The passage of Proposition 187 produced a conservative fervor that contributed to the creation and passage of a proposition passed in 1996, Proposition 209. Called the Civil Rights Initiative, this proposition eliminated affirmative action in state-run agencies and educational institutions. This measure won by a larger majority than Proposition 187. Finally, in 1998, California voters also passed Proposition 227, requiring that all public-school instruction be conducted in English. This act effectively eliminated bilingual education, with the exception of intensive yearlong English immersion programs developed for new migrant youth.

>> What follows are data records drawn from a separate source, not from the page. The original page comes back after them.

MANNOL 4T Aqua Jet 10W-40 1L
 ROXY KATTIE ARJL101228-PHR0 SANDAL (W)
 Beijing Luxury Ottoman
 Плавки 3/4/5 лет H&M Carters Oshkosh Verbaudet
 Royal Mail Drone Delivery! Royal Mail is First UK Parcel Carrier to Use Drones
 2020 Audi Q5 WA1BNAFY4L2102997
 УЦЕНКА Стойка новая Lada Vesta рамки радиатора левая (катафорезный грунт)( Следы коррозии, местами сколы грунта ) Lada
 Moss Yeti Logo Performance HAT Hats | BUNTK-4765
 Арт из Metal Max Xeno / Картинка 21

While not directed exclusively at Latinos in the state, these pieces of legislation had enormous consequences for both migrant and native-born Latinos living in California. Certainly a negative consequence was that Latinos continued to feel targeted by exclusionary measures regardless of their legal status in the United States. Latinos felt stigmatized by Proposition 187 and further marginalized by Proposition 209. But rather than rendering Latinos victims, the passage of Proposition 187 stirred a new wave of Latino consciousness. Latinos, who by 1995 represented more than 26 percent of the population, responded in two significant ways: registering to vote and attaining citizenship. As a result of these actions, Latinos became a major voting constituency that has helped to transform the face of state and local politics. At the state level, currently one in four assembly members is Latino, and Lieutenant Governor Cruz Bustamante became the first Latino to be elected speaker of the assembly. At local levels, California voters elected Latino mayors in several of the largest cities, including San Jose and Los Angeles, not to mention all the city councilmen and councilwomen who were also elected into their positions.